The new materials, called photorefractive polymers, could help bring optical information storage devices, such as optical computers, a little closer to reality.

The results of the work by the UB researchers, one of only a few groups in the world working on photorefractive polymers, was reported yesterday (Sunday, Aug. 21) at a meeting of the American Chemical Society in the Grand Hyatt Hotel.

"If these materials turn out to be as stable as inorganic materials are, then it will for the first time make photorefractive materials commercially useful," said Maciej E. Orczyk, Ph.D., research assistant professor in the UB Photonics Research Laboratory and a member of the team led by Paras Prasad, Ph.D., UB professor of chemistry and laboratory director.

Orczyk described photorefractivity as the ability of a material to change its index of refraction under the influence of light. A photorefractive material becomes operational when two beams of light pass through it and interact with each other. For example, when one beam carries the optical information, the other, stronger beam can transfer its energy to the first one, amplifying the optical signal.

The new photorefractive polymers engineered by UB researchers have significantly surpassed the performance of inorganic photorefractive materials as measured by two key parameters. These parameters are diffraction efficiency, a measure of how much light a material is able to deflect in different directions, and the beam-coupling gain coefficient, which describes how efficiently a material can amplify an optical signal.

Orczyk said that part of the difficulty in developing photorefractive polymers is that optimizing one important function in the material may negatively affect another.

He and Jaroslaw Zieba, Ph.D., a UB research assistant professor, and Bogdan Swedek, a UB graduate student, have engineered a material from separate molecules, each of which

contributes a necessary functionality.

Called PVK-TCP:C60-DEANST, the material is made of polyvinylcarbozole polymer matrix; C60 to make it photoconductive; TCP, a plasticizing agent, and DEANST molecules, which are responsible for the material's refractive-index changes under exposure to light.

Until the first sample was made by IBM in 1991, some scientists were skeptical that photorefractive polymers would ever be developed.

"Inorganic materials are crystalline, so they are highly ordered," explained Orczyk. "Organic polymers are fundamentally different, they're virtually disordered. This is, in part, why people couldn't believe that such a complex, multistep phenomenon could occur in polymers. Even after it was observed, few believed the effect would ever be considerably optimized."

Orczyk estimated that while a photorefractive inorganic sample now can cost as much as thousands of dollars, photorefractive polymers could eventually cost as little as just a few dollars.

Inorganic materials are made from crystals that must be grown under very controlled conditions and that may take many weeks. Polymers, on the other hand, are made from solutions, cast into films and dried, a process that generally takes just hours.
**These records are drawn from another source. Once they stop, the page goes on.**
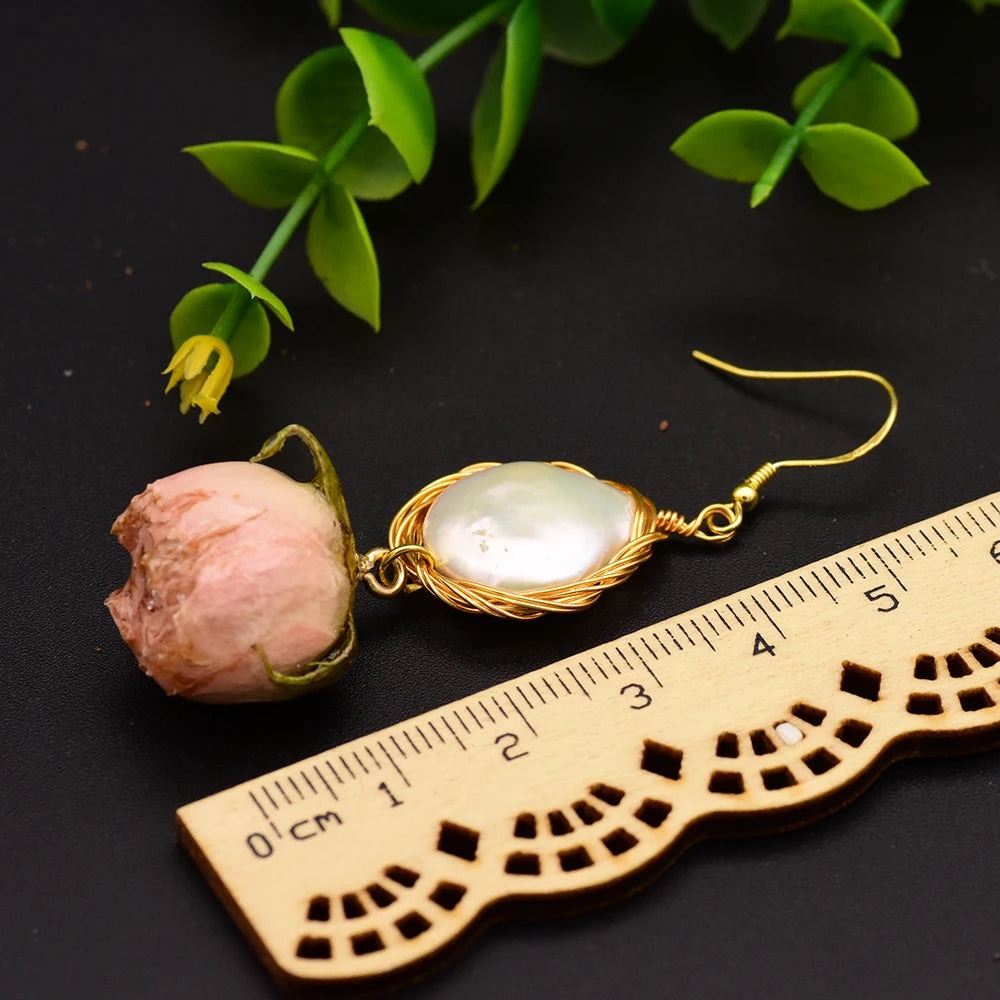 Natural Fresh Water Baroque Pearl Really Flower Drop Earrings for Women Party Earrings Handmade Jewelry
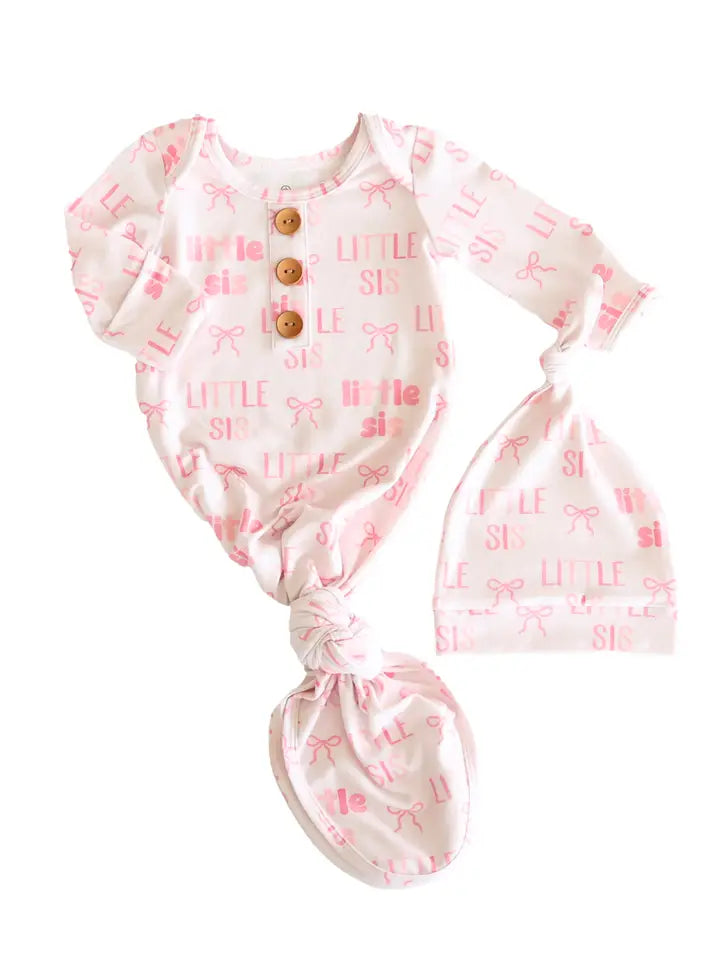Little Sister Newborn Knotted Gown & Hat Set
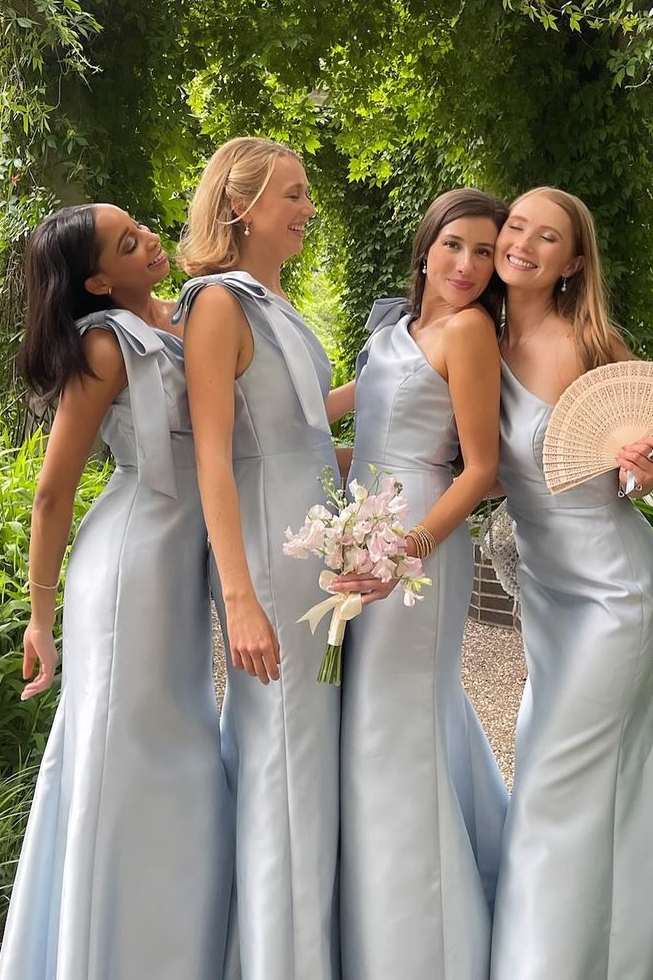 Luolandi Blue One Shoulder Sheath Long Bridesmaid Dress Wedding Guest Dress Party Dress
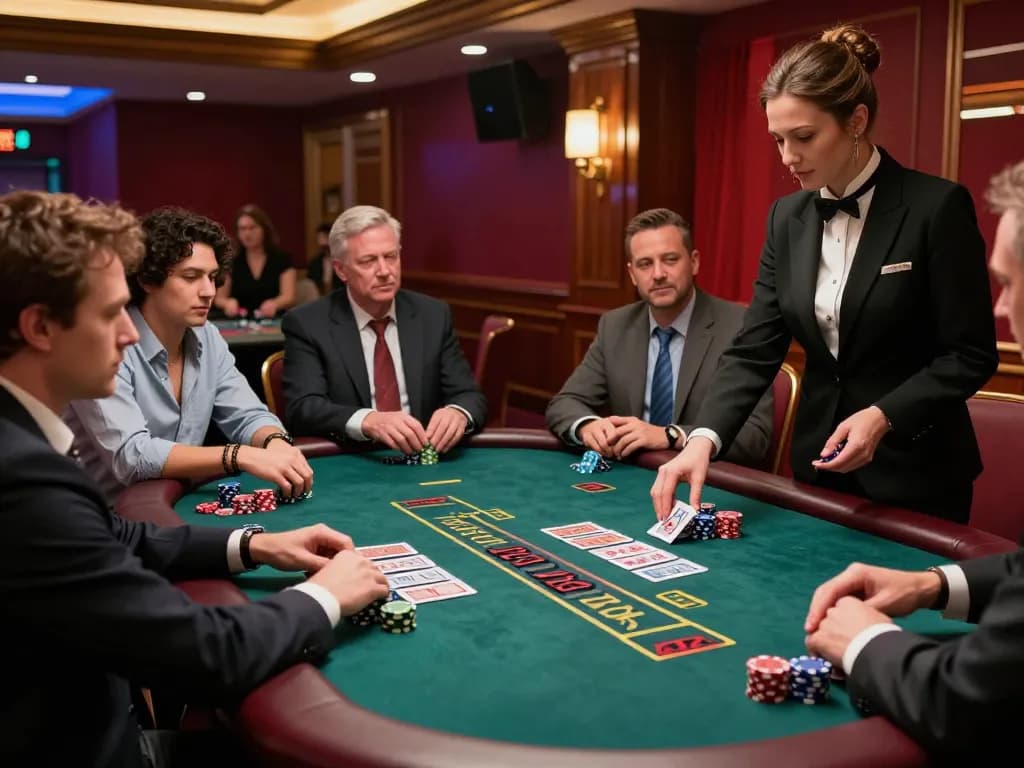 Players strategizing at the HIT CLUB blackjack table, vibrant casino atmosphere.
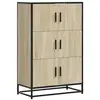 Image de Vidaxl buffet haut chêne sonoma 68x35x106,5 cm bois ingénierie métal
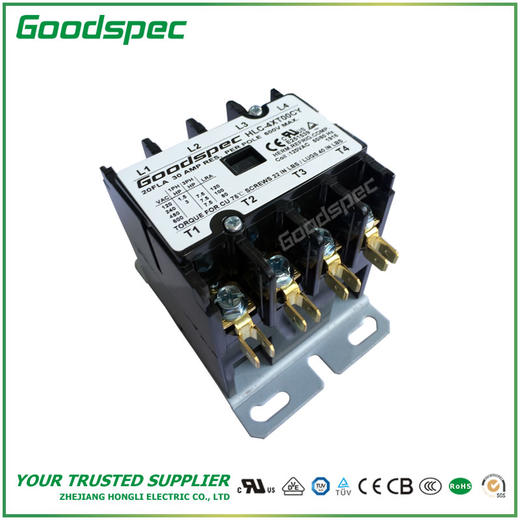 HLC-4XT00CY(4P/20A/120VAC)空调接触器 商品图3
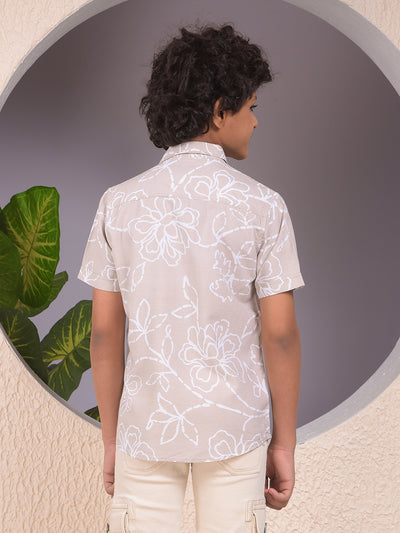 Beige Floral Print Shirt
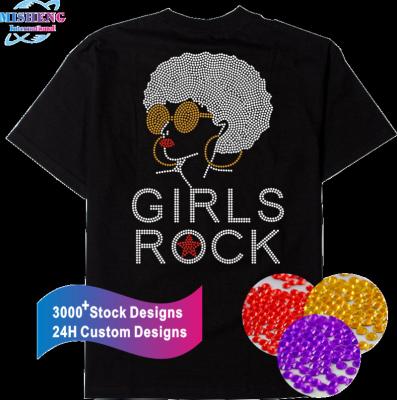 China Custom Beautiful Flatback Girl Rock Afro Girl Iron On Hot Pattern Fix Rhinestone Transfer Designs For T Shirt for sale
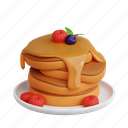pancake, fast food, 3d icon, 3d illustration, 3d render, breakfast, fluffy 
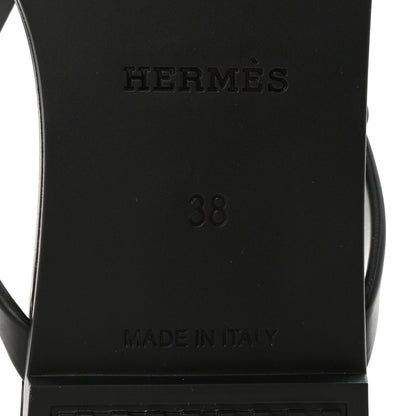 Hermes Rubber Womens Egerie Sandals 38 Black 7 of 9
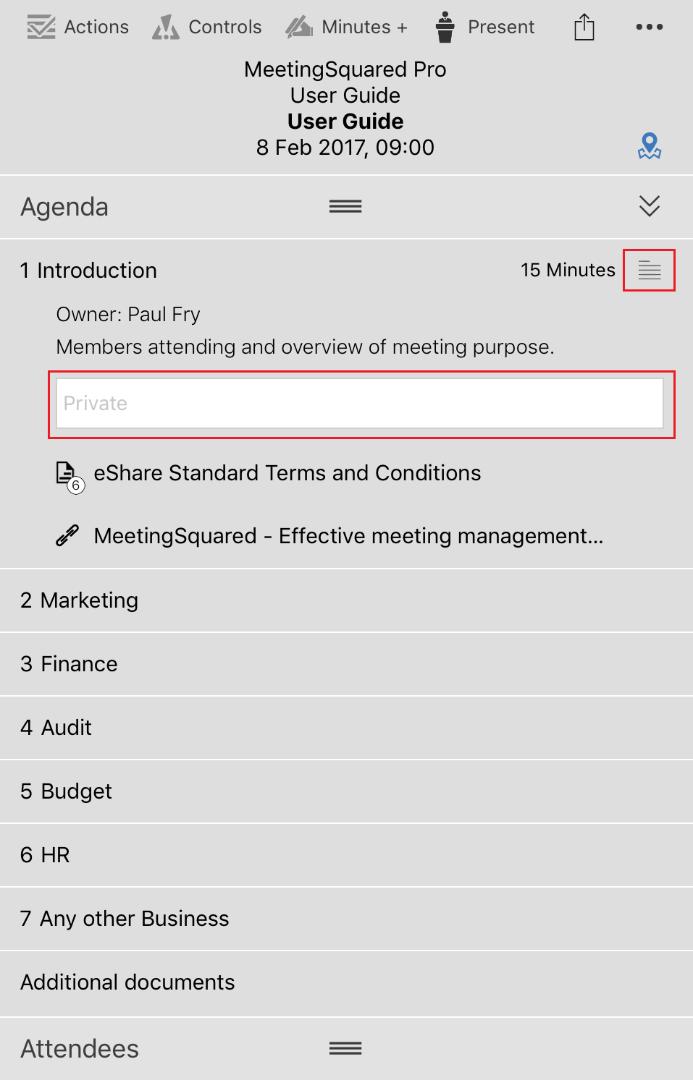To makes notes on an agenda item, tap icon next to the agenda item (highlighted in red below) button towards the right of an agenda item. A text box will appear where the note can be entered.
Applications for photorefractive materials include all-optical telecommunications, optical data storage and the transmission of computer images in real-time.

Photorefractive materials would allow for real-time processing of data because, unlike electronic materials, they holographically store whole images without having to digitize and then reconstruct them.

The UB scientists are working in cooperation with Laser Photonics Technology, Inc., a company specializing in development and technological applications of novel optical materials. It operates out of the University at Buffalo Foundation Inc. incubator adjacent to the UB campus in Amherst, N.Y.

The research is funded by the Air Force Office of Scientific Research and the National Science Foundation.